Autoscaling WebRTC apps are not at all easy. A lot of discussion on building large-scale WebRTC apps gets stuck on how to scale. There are no straightforward answers available to this question yet. For this reason, we at CentEdge have developed CWLB, a general-purpose WebRTC load balancer using mediasoup as the media server at its core.
When a customer connects with us to help them build WebRTC apps, the conversation goes something similar to this.
Customer: We want to integrate video conferencing capabilities in our existing web app.
Us : Sure. We can help you with that.
Customer: Our requirement is to have 15 person(max) conferencing rooms with recording capabilities.
Us: Sure. We can help you with that as well.
Customer: We want the solution to be super scalable so that even a million rooms can be started at the same time. We have our own data centre and you can run Kubernetes clusters there. We hope this will be fine for scaling requirements.
Us: No. Kubernetes clusters may not be sufficient to scale WebRTC apps considering the stateful nature of them. Also memory and cpu usage may not be the right indicators for indicating server load in this case.
Customer: What is stateful nature? Why memory and cpu usage are not the right indicators?
Us:....
The conversation goes on where we make our customers fully understand the nature of WebRTC calls and the media server parameters which indicate correctly the current load. Towards the end of the conversation, this question of how should the scaling problem be solved, used to remain open for further discussions as we did not have a ready-made answer for this.
After going through a similar conversation several times, we decided to do something about it. 1st June 2021 is when we started working on a general-purpose load balancer to auto-scale WebRTC apps. After a year of considerable effort, we have successfully developed the load balancer to auto-scale WebRTC apps. We call it CWLB, which stands for Centedge WebRTC Load Balancer. CWLB supports both horizontal as well as vertical autoscaling. Mediasoup is the media server used behind the load balancer to scale WebRTC apps and it currently supports AWS as the cloud provider to create/delete on-demand mediasoup media servers.
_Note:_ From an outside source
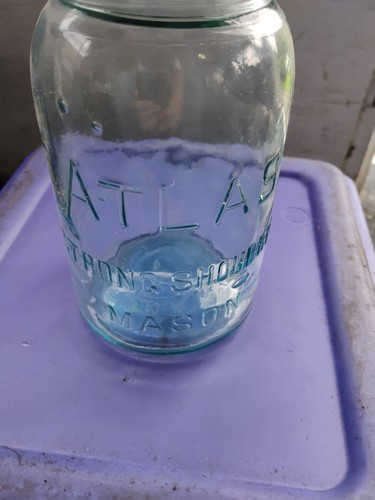 Vtg light blue atlas - light,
Before moving on to discuss more CWLB, we will elaborate on some keywords which we mentioned in the above para for a better understanding of the context.
Why Autoscaling?
The first important question is, why does one need autoscaling? Because one needs more video rooms simultaneously which is beyond the capabilities of a single media server. Let's look at an example.
A c5.2xLarge instance of aws (8vCPU & 16Gb RAM) can handle either one large 50-person conference room or 10 small 5-person conference rooms. Once the server is on full load, it can't cater to any new room creation requests until the rooms running in it are closed. One option is to run multiple simultaneous servers to handle more load irrespective of whether new room requests are coming or not. In this case, it will be huge wastage of resources as one has to pay the server bills while the servers are idle most of the time.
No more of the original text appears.